Output exactly the lines from the one holding "Ягуар XE, объемом" through the final line of the entries.
DATA RECORDS section start
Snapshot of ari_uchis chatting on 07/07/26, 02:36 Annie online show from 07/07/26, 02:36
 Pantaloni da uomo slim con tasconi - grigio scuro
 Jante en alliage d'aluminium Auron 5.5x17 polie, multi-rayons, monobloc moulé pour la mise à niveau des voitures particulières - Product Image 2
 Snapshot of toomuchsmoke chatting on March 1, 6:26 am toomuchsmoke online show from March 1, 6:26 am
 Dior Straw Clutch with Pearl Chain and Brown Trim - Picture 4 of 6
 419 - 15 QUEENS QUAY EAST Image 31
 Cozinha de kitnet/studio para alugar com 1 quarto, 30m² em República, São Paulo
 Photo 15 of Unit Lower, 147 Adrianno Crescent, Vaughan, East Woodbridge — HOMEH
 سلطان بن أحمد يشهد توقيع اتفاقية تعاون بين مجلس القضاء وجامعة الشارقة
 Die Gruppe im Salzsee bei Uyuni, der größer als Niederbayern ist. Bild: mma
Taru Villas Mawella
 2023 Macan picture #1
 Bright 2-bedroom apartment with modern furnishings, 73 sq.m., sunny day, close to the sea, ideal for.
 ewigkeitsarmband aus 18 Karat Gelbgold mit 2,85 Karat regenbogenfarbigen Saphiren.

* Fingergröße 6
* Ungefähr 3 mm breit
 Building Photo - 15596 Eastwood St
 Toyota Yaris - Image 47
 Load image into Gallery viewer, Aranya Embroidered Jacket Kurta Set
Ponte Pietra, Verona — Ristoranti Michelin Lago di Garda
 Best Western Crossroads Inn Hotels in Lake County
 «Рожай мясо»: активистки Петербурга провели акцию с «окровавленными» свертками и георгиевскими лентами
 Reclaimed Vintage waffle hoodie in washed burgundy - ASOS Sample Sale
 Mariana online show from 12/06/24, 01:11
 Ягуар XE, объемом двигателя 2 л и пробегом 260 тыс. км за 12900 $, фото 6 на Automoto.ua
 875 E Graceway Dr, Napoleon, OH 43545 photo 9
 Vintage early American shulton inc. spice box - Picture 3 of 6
DATA RECORDS section end
YOUR RESPONSE>
 Ягуар XE, объемом двигателя 2 л и пробегом 260 тыс. км за 12900 $, фото 6 на Automoto.ua
 875 E Graceway Dr, Napoleon, OH 43545 photo 9
 Vintage early American shulton inc. spice box - Picture 3 of 6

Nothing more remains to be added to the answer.